The best iMac lived an oddly short life
The original Bondi Blue iMac is 25 today, but it’s not my favorite iMac.
25 years ago today, Apple introduced one of the most famous computers of all time: the iMac. The rounded shape, the translucent plastic, the Bondi Blue color scheme… you can probably picture every part of its iconic design in your mind right now. It was a statement of intent from Steve Jobs’ new Apple, it made a star out of Jony Ive and it redefined what a computer could look like.
And so there were high expectations for the next iMac, one that needed a radical redesign to accommodate a flat-panel LCD display instead of the bulky old “tube” CRT display of the original. As he unveiled the iMac G4 in 2002, Steve Jobs boasted: “It has a beauty and a grace that’s going to last the next decade.”
At first glance, you can see why. Just as its predecessor broke new ground, the iMac G4 looked nothing like any other computer.
The computer itself was contained in an oddly small, snow-white dome; contrasting with the dome’s curves was a simple, white-bordered rectangular screen above it.
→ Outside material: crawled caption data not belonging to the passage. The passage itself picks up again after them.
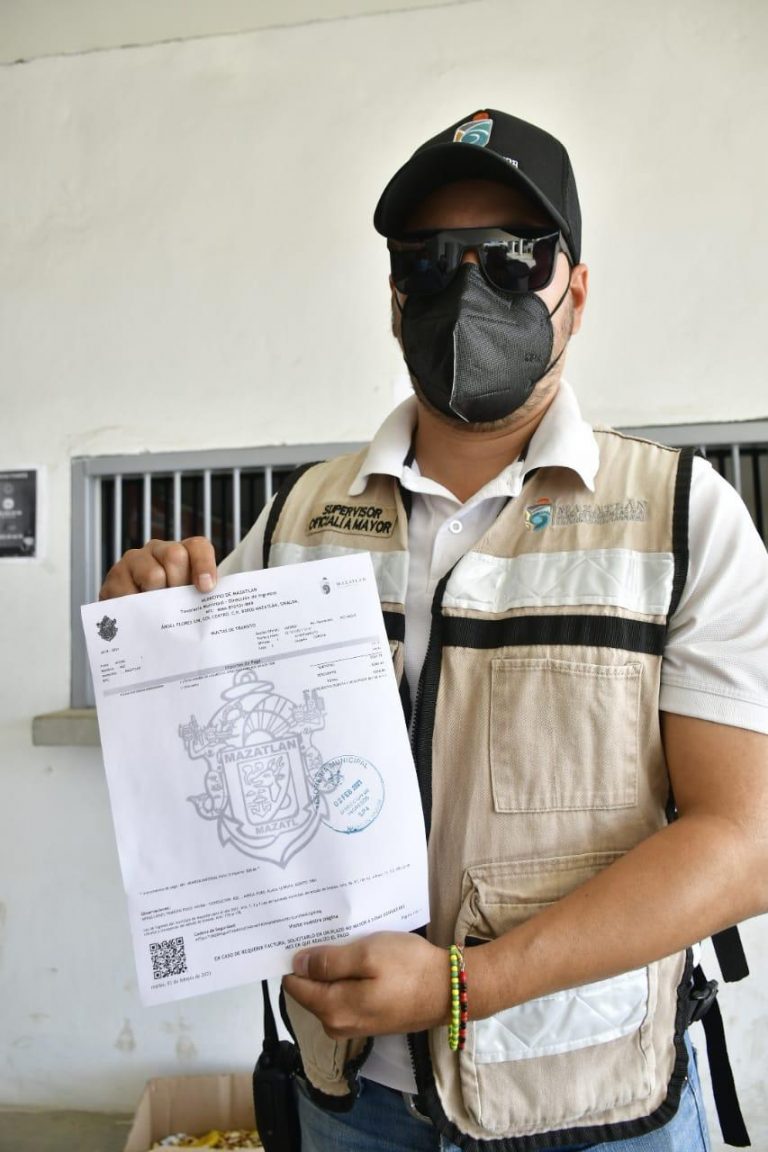 Exhibe ayuntamiento de Mazatlán a trabajador con multa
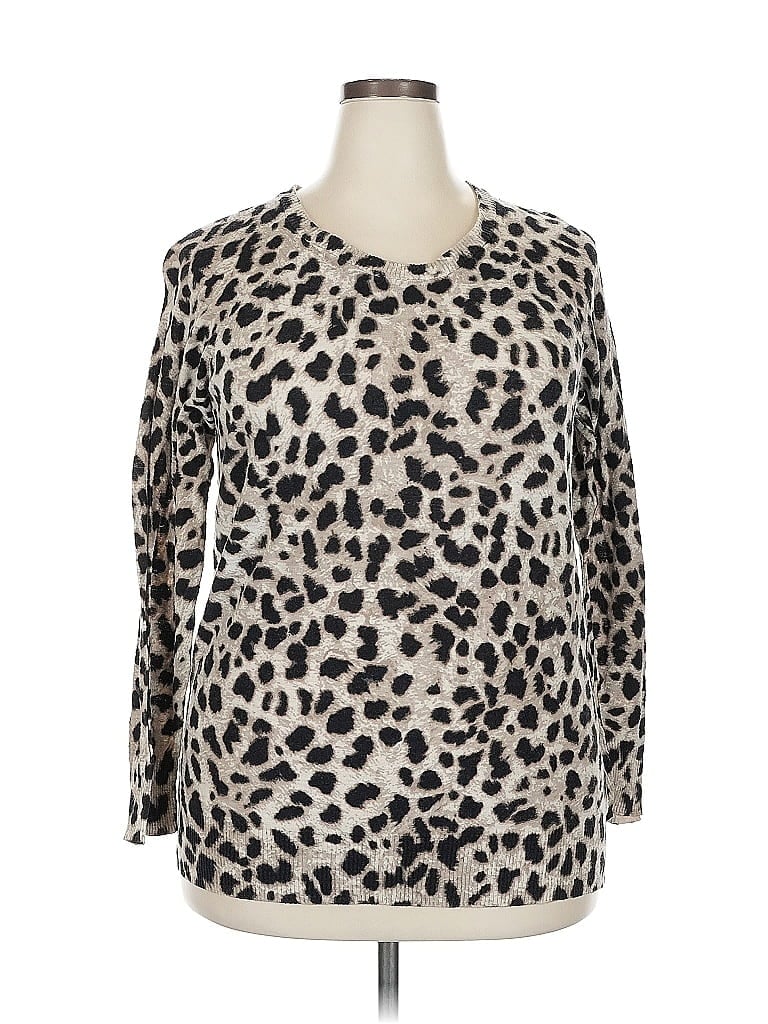 Pre-owned Torrid Pullover Sweater In White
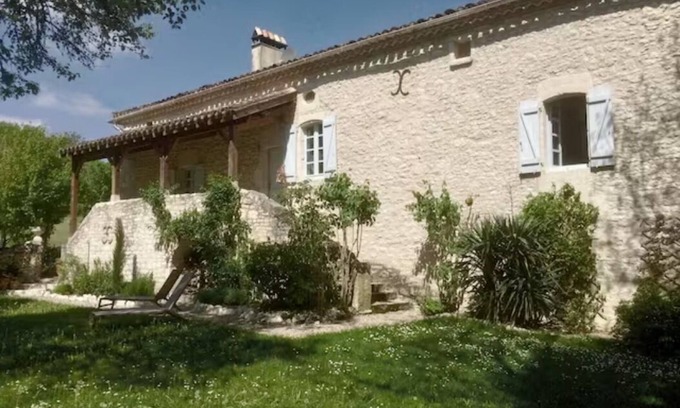Lascabanes Maison | Maison de Campagne avec piscine non loin de Cahors et Montcuq
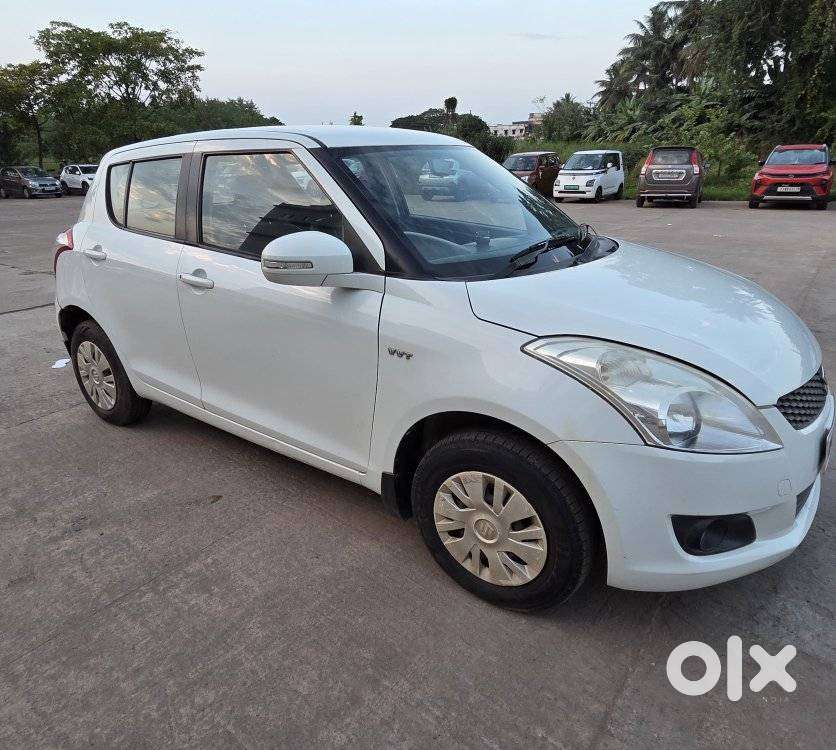 Maruti Suzuki Swift Vxi 1.2 Abs Bs-iv, 2014, Petrol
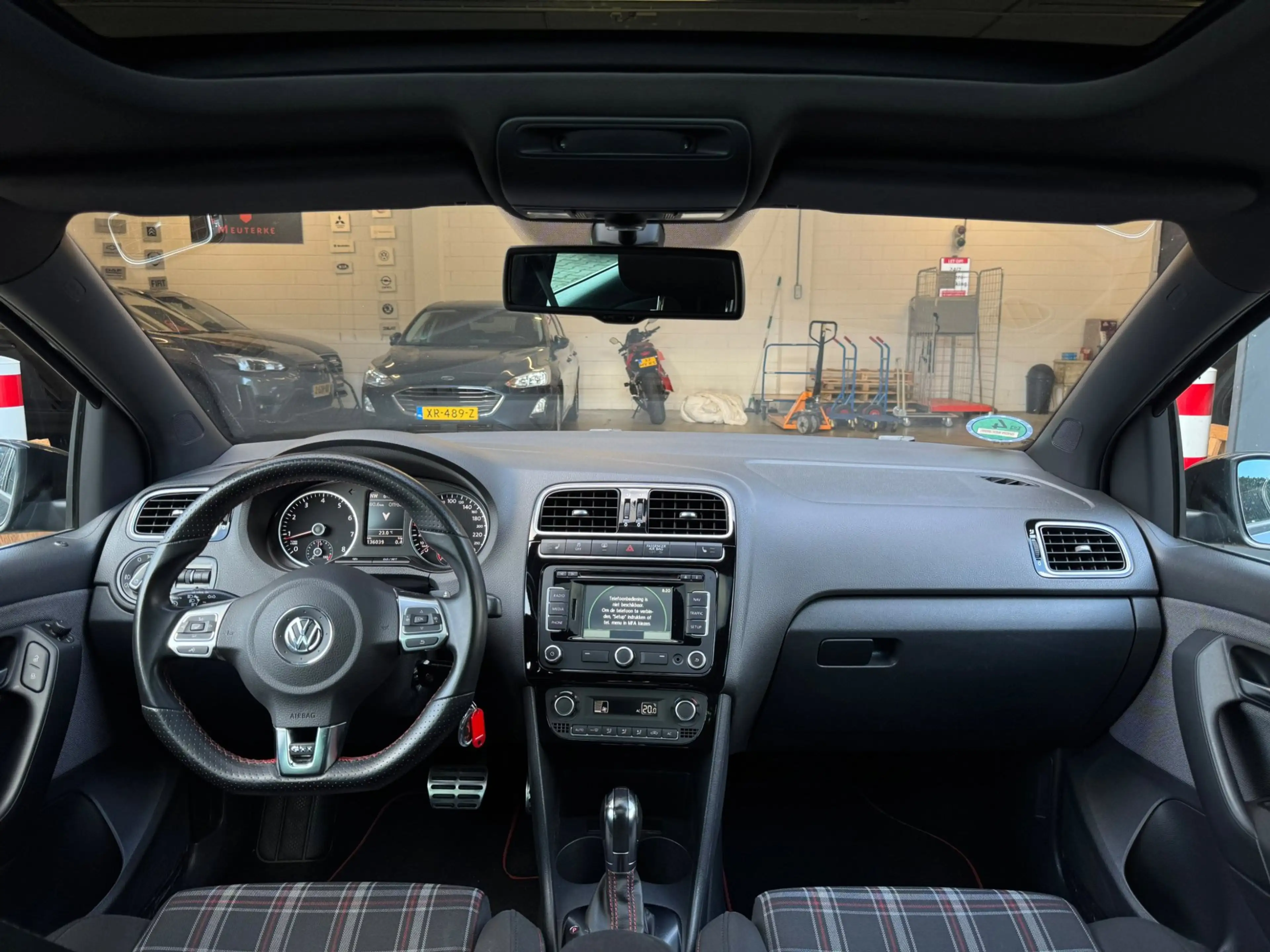 Volkswagen Polo GTI 1.4 TSI / PANO / XENON / STOELVERW. / CRUISE / CLI — photo 31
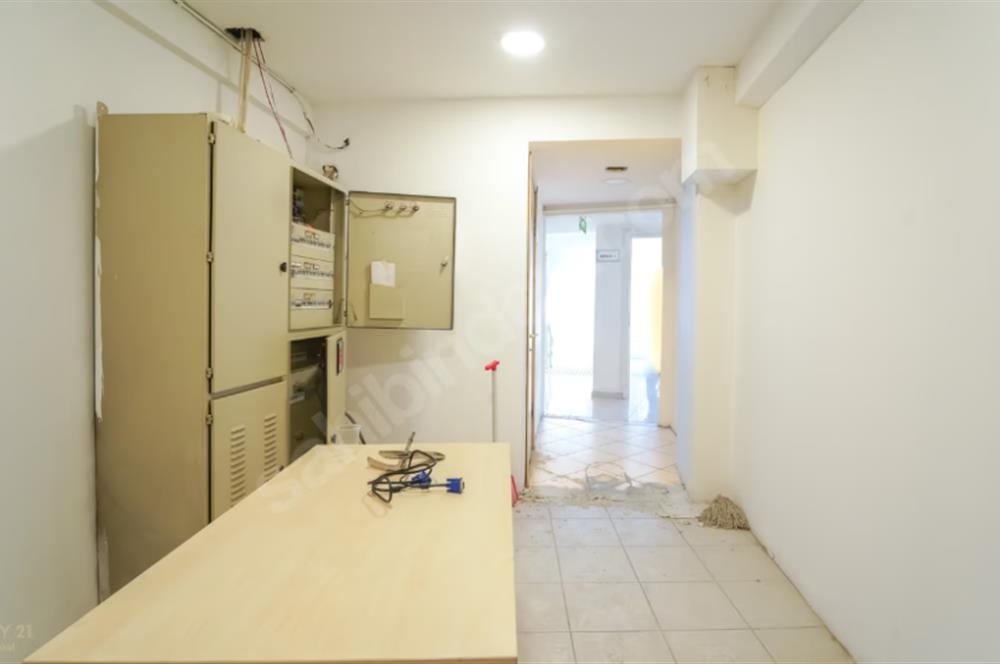 C21 BAL'DAN ÇARŞI MERKEZDE KİRALIK TİCARİ İMARLI KOMPLE BİNA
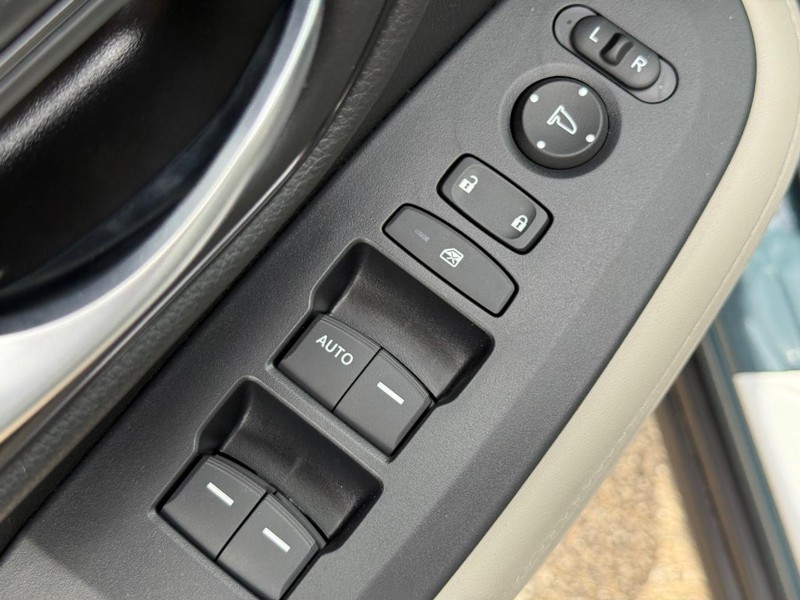 Honda HR-V Vehicle Image 15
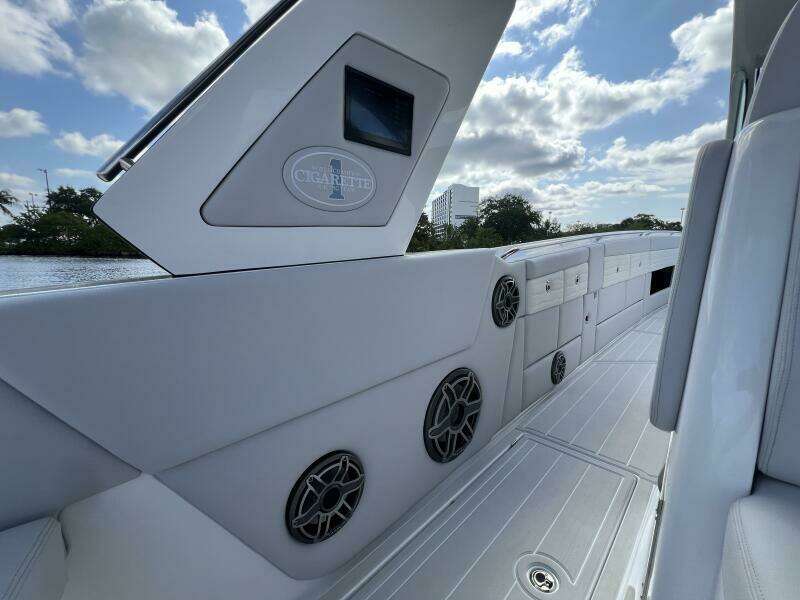 2025 Cigarette NightHawk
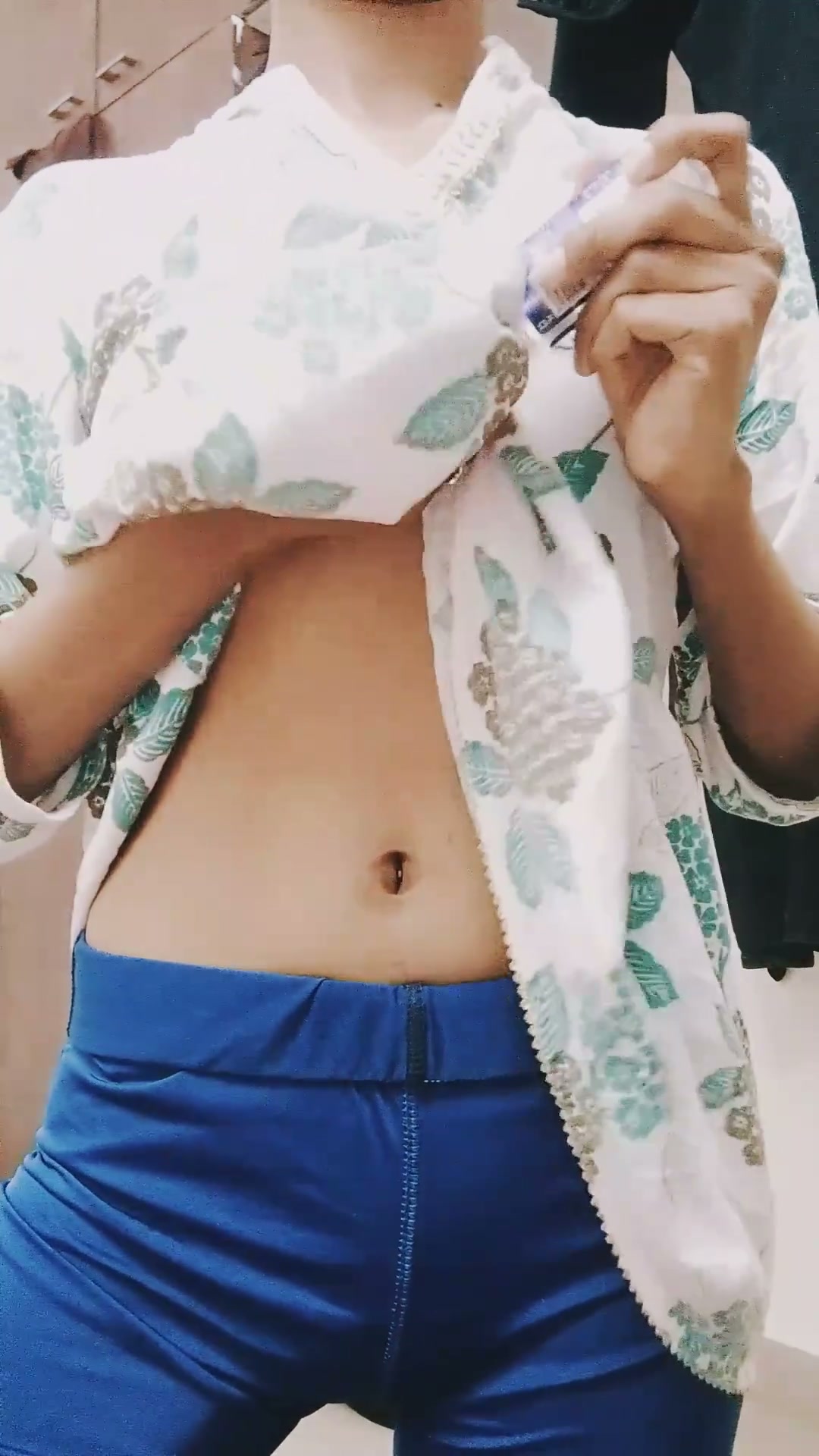 Frame 8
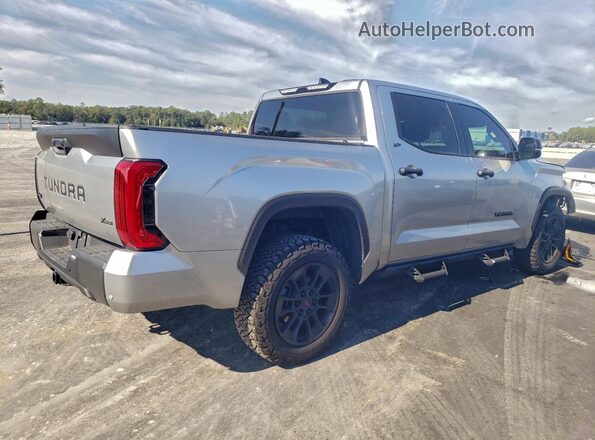 5TFLA5DB2PX115395 2023 TOYOTA TUNDRA Серебряный Задняя правая четверть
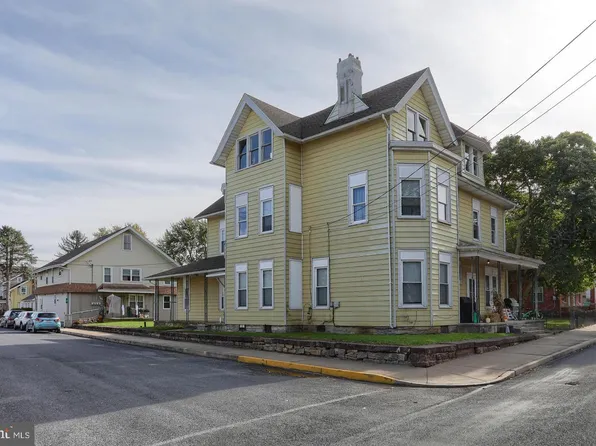 102 S Race St, Richland, PA 17087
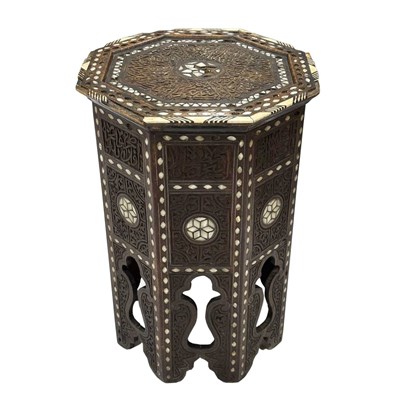 Lot 1005 - A SYRIAN INLAID HARDWOOD OCTAGONAL OCCASIONAL TABLE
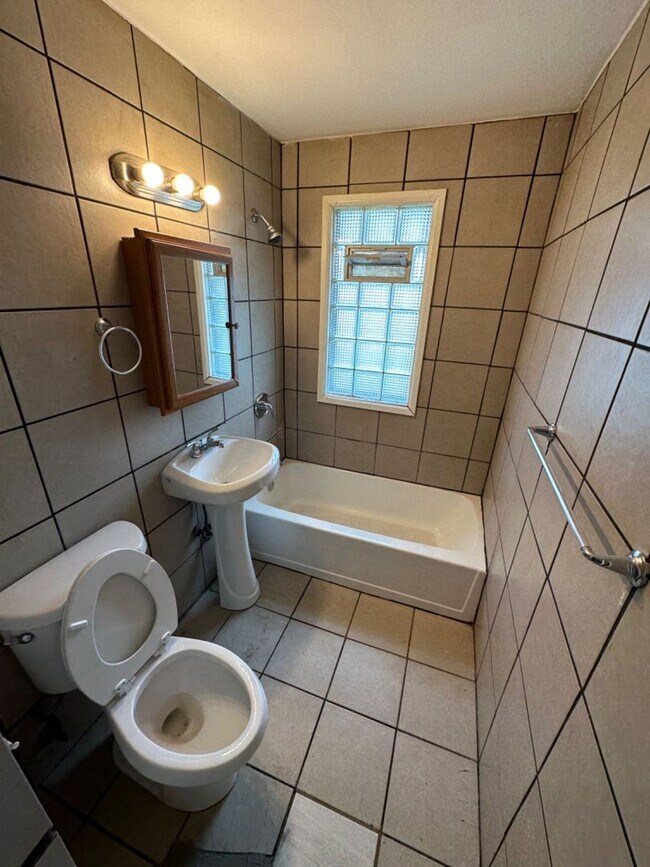 Building Photo - 5073-5075 N 46th St. (Duplex)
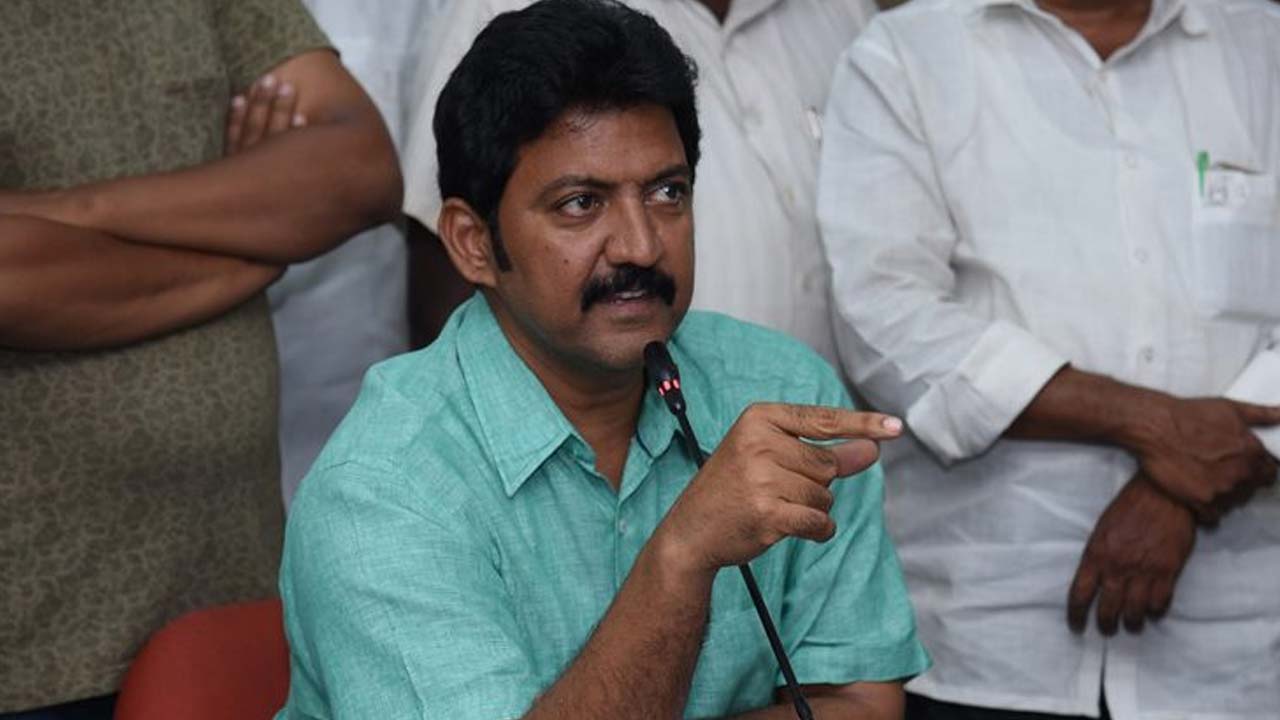 Janasena: ఉద్రిక్తత.. వల్లభనేని వంశీని అడ్డుకున్న జనసేన శ్రేణులు..!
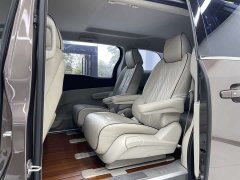 Buick GL8 Land Business Class Comfort Edition - ფოტო 18
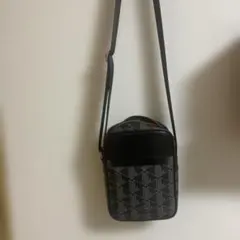 LACOSTE モノグラム ショルダーバッグ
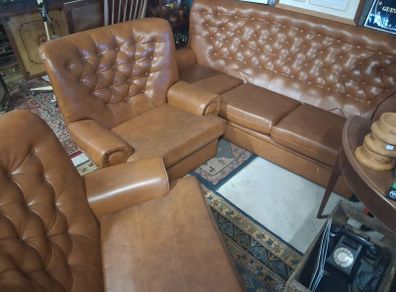 Buttonback Suite Sofa + 2 armchairs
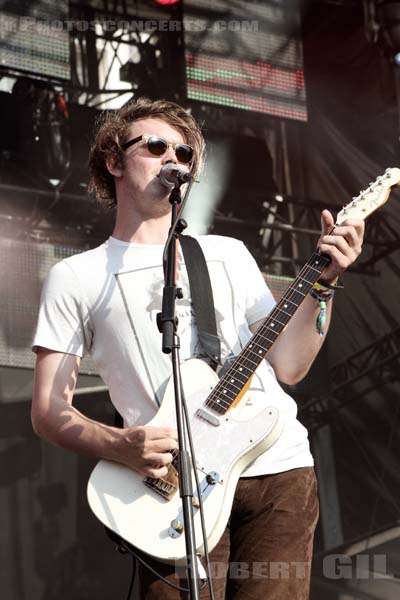 PALMA VIOLETS - 2013-07-18 - PARIS - Parvis de l'Hotel de Ville - Sam Fryer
From the front, the screen appears to float. From behind, the secret was revealed, but it was still no less impressive: a thick metallic arm held the screen up in a manner that was both sturdy and flexible, able to hold it in place but also swivel, twist and move at the lightest touch.
“Let each element be true to itself,” said Jobs: let the flat screen be flat, unencumbered by slapping a computer to the back of the screen. And let the computer sit horizontally, putting the disc drive in front of you and the ports in easy reach.
It was a bold, distinctive and extremely memorable design. But despite Jobs’ boast, it did not last a decade — it lasted just two-and-a-half years before Apple replaced it with the iMac G5 in 2004.
In a sense, the iMac G5’s design is far more successful than the G4: today’s iMac is far sleeker and more modern, but It effectively has the same design as the iMac G5. Every iMac since 2004 has carried on with the base form of a slim, curved metal stand holding up a screen with a prominent chin below and a computer attached to the back. A design that Jobs referred to as a “fatal flaw” in 2002 — one that does not “let each element be true to itself” — has been the default form of Apple’s most successful desktop computer for almost two decades.
And yet, when I think of the iMac, it’s the iMac G4 that I remember most fondly. Part of that is because there’s never really been a computer like it, either before or since. But mostly it’s because the design is just so wonderfully playful.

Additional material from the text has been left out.